# Sighting on my bow



## sirhcmiller (Jul 15, 2009)

Hey im new here and I am fairly new to bow hunting. I'm having problems with sighting in my bow. My bow continues to shoot low even with all of the pins as low as they go. Does anyone have an idea what it could be? I was thinking maybe the peep sight needs to be adjusted or is it just my sight?

Thanks
Chris


----------



## hunt4P&amp;Y (Sep 23, 2004)

What I would do is go into a bow shop and have them put a t square on the string. and make sure your knock is properly alligned as well as the sight. You should be able to adjust the whole sight up and down, I usually set mine up so it as low as it can be without touching or coming to close to a broadhead... Next make sure your peep isn't set to high up, however that shoulden't be the case as that is simply your line of sight through the site.

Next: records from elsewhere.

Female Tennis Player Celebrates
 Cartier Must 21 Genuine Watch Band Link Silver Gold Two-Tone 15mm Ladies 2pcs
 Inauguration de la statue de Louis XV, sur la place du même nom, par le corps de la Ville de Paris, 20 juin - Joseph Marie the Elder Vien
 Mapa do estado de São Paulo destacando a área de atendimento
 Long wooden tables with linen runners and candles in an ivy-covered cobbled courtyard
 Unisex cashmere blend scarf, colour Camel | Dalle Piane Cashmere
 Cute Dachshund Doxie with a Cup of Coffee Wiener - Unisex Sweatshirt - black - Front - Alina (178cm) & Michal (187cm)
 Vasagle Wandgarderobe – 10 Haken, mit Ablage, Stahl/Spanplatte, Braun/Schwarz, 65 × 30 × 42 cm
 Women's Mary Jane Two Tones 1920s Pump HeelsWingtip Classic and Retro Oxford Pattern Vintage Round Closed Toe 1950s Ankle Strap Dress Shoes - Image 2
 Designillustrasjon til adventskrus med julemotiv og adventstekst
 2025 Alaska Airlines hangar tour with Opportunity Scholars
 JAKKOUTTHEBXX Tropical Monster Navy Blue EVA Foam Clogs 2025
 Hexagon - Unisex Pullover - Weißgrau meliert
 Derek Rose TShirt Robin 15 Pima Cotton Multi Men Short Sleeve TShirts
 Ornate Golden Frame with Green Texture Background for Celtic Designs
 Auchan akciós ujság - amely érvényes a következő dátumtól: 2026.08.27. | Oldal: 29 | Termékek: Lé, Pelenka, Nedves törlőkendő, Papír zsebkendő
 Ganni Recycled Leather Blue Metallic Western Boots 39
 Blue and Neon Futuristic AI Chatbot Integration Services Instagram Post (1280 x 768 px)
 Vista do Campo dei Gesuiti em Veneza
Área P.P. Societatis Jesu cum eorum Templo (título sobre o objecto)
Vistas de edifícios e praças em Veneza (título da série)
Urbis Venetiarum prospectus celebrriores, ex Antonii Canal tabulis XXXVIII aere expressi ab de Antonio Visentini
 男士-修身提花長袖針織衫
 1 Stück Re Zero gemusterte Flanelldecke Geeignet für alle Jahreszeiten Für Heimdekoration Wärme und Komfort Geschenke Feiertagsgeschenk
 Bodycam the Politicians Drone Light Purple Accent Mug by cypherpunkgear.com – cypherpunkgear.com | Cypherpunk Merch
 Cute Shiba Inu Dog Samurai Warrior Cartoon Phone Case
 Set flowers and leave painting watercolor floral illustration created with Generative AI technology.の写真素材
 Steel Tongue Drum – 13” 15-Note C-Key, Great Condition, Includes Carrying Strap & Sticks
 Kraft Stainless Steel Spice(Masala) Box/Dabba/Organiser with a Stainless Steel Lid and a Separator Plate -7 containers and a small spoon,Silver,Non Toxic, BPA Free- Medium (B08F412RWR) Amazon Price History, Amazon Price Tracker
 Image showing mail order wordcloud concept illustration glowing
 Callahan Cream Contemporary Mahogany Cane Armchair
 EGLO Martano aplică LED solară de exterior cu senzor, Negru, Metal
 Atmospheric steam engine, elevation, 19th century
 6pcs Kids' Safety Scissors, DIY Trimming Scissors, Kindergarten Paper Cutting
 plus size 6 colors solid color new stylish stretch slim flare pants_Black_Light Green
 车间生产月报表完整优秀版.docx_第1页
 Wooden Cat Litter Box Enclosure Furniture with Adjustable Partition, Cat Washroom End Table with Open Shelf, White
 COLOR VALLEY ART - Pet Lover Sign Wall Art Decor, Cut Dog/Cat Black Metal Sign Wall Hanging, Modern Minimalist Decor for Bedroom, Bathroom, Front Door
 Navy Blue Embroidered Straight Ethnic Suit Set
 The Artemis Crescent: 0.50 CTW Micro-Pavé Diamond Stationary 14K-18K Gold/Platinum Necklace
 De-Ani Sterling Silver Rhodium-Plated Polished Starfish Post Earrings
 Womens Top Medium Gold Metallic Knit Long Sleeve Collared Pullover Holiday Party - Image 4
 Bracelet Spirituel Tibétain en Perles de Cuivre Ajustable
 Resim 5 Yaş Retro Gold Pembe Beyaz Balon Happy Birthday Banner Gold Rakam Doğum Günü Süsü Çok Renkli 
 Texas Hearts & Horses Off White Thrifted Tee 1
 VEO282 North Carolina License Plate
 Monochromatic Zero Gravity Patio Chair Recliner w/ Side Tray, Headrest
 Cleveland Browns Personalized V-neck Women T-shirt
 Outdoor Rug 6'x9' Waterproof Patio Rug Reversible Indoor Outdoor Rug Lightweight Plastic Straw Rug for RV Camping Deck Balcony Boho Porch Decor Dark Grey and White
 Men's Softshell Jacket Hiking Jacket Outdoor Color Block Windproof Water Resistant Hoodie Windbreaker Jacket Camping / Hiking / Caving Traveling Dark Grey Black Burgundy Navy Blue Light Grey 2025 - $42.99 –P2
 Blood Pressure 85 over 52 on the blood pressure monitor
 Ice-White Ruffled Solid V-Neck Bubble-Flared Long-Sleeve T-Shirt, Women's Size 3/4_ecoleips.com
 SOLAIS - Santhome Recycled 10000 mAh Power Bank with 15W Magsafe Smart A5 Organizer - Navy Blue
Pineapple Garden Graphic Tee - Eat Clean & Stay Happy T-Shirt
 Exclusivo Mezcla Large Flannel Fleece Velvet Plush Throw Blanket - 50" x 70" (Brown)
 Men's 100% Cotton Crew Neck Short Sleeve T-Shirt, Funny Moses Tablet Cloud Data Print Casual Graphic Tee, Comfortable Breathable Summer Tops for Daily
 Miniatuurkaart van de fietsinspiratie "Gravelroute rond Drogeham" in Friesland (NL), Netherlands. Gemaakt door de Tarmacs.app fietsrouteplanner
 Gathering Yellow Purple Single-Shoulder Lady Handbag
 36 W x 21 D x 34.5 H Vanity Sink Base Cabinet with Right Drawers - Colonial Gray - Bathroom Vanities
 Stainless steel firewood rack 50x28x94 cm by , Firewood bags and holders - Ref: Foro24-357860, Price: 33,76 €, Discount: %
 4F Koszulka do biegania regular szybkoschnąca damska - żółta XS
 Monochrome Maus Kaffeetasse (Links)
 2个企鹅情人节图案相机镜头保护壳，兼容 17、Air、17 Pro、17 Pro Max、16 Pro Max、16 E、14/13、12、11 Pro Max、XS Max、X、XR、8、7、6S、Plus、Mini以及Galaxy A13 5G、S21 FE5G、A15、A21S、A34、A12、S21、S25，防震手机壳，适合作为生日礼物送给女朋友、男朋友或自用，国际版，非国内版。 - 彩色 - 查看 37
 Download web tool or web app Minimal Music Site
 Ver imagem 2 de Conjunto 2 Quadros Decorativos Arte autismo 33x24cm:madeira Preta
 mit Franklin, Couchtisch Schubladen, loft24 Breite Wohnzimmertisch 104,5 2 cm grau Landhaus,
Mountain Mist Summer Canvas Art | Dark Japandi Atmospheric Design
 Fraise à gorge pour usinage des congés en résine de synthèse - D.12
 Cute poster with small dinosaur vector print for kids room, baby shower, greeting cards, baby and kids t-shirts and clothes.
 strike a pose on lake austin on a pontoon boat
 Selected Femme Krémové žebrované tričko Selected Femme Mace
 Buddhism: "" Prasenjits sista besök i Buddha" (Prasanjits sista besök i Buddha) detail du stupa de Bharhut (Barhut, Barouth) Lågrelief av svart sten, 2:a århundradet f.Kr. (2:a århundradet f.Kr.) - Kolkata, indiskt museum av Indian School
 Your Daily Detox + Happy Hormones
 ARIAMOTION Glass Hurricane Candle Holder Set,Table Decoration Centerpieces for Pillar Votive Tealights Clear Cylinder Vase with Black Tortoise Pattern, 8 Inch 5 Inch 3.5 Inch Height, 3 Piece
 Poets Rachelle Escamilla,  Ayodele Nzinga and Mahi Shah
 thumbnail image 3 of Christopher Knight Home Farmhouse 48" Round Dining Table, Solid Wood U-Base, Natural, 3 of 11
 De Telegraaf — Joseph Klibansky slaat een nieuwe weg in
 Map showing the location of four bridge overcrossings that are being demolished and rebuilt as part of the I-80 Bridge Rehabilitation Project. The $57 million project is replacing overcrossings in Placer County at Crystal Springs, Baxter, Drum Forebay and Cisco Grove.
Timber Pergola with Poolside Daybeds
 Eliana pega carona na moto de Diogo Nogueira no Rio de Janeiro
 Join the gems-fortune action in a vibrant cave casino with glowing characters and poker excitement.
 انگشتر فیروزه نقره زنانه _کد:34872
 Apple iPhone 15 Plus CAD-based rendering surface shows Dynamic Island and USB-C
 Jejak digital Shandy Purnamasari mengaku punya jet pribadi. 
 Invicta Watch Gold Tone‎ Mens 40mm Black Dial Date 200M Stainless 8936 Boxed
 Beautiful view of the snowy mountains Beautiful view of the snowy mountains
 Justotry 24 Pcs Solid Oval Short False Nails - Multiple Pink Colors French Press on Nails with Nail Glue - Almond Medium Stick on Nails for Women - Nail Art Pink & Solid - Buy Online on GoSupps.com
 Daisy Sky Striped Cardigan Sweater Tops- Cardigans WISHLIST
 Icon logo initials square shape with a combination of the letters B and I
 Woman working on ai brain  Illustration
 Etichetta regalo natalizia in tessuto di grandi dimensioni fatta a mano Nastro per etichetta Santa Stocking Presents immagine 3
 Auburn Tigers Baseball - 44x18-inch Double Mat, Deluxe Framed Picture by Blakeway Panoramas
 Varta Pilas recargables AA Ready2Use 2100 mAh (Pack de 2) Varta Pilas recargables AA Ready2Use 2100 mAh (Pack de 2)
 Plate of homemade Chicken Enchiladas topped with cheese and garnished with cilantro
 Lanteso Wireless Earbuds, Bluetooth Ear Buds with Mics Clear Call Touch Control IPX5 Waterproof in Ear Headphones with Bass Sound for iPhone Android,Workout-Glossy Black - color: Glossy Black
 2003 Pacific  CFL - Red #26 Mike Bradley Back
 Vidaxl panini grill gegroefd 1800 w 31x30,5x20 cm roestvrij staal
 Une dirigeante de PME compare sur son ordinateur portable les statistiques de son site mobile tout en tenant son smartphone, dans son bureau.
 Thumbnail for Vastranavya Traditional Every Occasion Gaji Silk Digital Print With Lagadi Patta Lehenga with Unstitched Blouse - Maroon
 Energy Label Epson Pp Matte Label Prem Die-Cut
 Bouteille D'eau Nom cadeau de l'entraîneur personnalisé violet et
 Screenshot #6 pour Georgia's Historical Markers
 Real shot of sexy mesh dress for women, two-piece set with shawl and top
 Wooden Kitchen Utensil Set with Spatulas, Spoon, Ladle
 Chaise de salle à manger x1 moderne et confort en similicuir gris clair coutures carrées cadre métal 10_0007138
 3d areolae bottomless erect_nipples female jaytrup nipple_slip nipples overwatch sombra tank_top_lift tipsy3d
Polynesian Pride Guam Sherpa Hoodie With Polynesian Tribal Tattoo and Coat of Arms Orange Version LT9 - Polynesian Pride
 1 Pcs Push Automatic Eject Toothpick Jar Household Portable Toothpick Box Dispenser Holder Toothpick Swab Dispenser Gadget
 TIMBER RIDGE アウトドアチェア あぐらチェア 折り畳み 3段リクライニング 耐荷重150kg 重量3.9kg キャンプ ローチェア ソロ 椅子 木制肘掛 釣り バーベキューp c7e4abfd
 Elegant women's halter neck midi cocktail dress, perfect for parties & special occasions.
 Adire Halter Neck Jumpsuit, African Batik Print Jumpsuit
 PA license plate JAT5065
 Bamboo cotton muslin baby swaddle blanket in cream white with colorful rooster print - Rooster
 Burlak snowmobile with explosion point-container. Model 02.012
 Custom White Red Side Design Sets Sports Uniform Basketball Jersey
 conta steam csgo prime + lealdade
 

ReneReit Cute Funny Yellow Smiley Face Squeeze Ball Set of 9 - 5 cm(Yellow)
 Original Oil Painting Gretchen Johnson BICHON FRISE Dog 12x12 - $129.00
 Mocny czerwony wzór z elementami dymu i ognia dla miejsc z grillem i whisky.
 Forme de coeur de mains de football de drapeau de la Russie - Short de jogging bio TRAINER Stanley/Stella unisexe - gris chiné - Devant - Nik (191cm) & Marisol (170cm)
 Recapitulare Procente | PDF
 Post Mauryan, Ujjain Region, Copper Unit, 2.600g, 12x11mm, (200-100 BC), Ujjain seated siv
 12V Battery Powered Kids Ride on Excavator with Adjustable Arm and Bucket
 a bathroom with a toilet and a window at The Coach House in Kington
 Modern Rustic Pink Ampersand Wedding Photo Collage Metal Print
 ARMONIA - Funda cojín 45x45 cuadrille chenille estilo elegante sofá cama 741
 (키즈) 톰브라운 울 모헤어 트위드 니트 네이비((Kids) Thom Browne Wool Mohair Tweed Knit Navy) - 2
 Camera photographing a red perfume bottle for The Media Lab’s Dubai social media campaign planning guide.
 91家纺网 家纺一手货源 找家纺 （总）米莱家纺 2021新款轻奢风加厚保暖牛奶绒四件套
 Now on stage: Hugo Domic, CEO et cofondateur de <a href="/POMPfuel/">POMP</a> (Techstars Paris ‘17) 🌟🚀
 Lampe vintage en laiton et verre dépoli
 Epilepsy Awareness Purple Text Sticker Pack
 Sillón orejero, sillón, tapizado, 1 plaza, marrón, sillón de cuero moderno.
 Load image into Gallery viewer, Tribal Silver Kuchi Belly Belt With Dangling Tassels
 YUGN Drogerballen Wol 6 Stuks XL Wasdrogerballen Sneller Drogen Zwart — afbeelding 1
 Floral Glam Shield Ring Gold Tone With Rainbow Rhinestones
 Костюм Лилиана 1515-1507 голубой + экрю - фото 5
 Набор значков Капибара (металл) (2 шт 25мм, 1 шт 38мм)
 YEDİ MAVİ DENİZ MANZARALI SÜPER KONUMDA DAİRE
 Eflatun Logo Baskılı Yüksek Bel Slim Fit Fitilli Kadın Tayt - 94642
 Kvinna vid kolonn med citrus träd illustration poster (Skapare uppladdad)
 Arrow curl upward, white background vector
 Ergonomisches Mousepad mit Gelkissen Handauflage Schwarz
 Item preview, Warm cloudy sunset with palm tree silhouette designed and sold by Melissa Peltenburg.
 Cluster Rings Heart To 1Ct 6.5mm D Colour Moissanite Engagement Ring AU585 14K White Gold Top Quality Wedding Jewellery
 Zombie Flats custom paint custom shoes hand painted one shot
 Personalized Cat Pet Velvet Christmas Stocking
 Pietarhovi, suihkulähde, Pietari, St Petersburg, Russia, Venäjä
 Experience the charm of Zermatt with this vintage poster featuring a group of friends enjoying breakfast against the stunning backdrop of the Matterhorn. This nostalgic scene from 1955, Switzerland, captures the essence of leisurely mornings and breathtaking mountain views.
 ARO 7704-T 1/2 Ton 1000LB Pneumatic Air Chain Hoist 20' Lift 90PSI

It may be off though

Just remember to FOLLOW THE ARROW. If you shoot low, lower your site, shoot high raise your site!

Everything tight?


----------



## sirhcmiller (Jul 15, 2009)

Thanks for the reply. Yeah i have all five pins as low as they go. So I took two off so i would only have three and they are still all the way down. The entire sight is as low as it goes as well... I'm going to take it to a bow store as soon as I get a chance. I wanna get it ready for bow season!


----------



## barebackjack (Sep 5, 2006)

Also, make sure your form is right. Watch the arrow hit the target through the sight. If your dropping your bow arm prematurely, this could be a cause of low hits.

Square up your rest to nock point. Set your rest up so the arrow bisects or covers the "berger hole" in the riser. Most bows you want to start with a level or 1/8" high nock point. I start mine level and go from there.

Have you shot it through paper yet? What kind of bow? Draw weight? Arrows?


----------



## sirhcmiller (Jul 15, 2009)

I have a RedHead Toxik... draw is at 65... I might be dropping my elbow. I haven't payed much attention to my form. What's this shootin through paper?

Thanks,
Chris


----------



## barebackjack (Sep 5, 2006)

Shoot through paper at about 6 feet. See what kind of tear it leaves and you can tell how your arrows are flying.

If your bow isnt set up right (which it may not be) your arrows wont be flying "straight as an arrow". They may be flying tail left, right, or nock high or low.

Theres some great info on it here:

http://www.eastonarchery.com/pdf/tuning_guide.pdf

Paper tuning IMO is a MUST to get everything working in your favor. Paper tuning will make broadhead tuning MUCH easier later.

Remember, youll need to also shoot broaheads after paper tuning to make sure they have the same point of impact as your field tips. The blades on the broadhead act as another set of fletching, only instead of stabilizing your arrow like your fletching does, they will steer it, sometimes causing a different point of impact than field points. You owe it to the animal.


----------



## sirhcmiller (Jul 15, 2009)

thanks man. you're a huge help. I'm going to get my bow from my house tomorrow, and I'll test it after work.

Thanks,
Chris


----------